Female breast cancer is the most commonly diagnosed cancer (2.26 million cases), closely followed by lung (2.21 million cases). Lung cancer is the leading cause of cancer death.
Overall, cancer incidence and deaths are rapidly increasing.
Cancer research and cannabinoids
Scientists have been studying cannabinoids extensively for their potential anticancer effects and symptom management for decades.

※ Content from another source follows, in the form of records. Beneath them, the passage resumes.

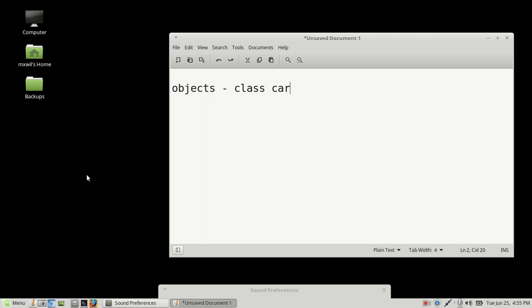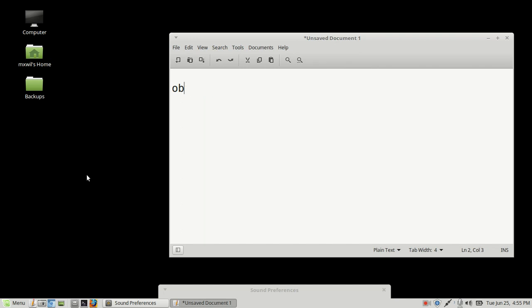Right? So you've got a car, you've got a chair, you can have a dog. Okay? That's an object in the real world, as well as in the programming world. So that's part of the programming concepts that we'll be going over.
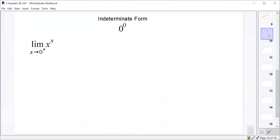Let's look at another indeterminate form: 0 to the 0. So 0 to the 0 is also indeterminate — that's exactly what we have if we look at the limit as x approaches 0 from the right of x to the x. This should be pretty obvious why it's indeterminate: 0 to any power is always 0, but anything to the power of 0 is always 1. So there's a contradiction — 0 to the 0 could be 0, 1, or something else.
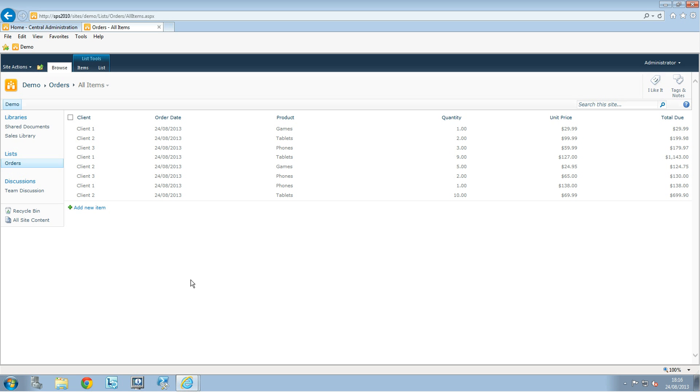Hello everybody. In SharePoint 2010 you have the possibility to filter a list. Here I have a list that I've created earlier for another video.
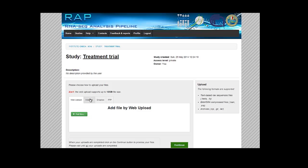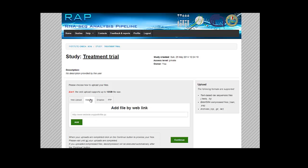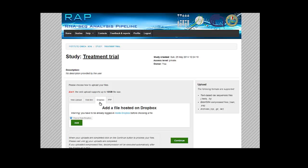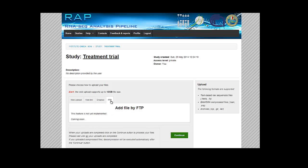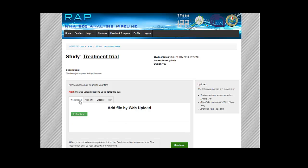Or you can enter the URL of a file accessible from the web, or even a Dropbox link or Box link. And we're going to implement the FTP connection very soon.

In areview that appeared in The Journal of the Association of Basic Medicines, researchers give a history of cancer research that specifically studied the role of cannabinoids and the endocannabinoid system (ECS). One of the first studies describing the anti-tumor activity of cannabinoids was published in 1975, according to the researchers. A wealth of information has since accumulated because many more scientists are researching the ECS and cannabinoids.They are studying the effects of a range of cannabinoids, including THC, CBD, CBN CBL as well as synthetic ones.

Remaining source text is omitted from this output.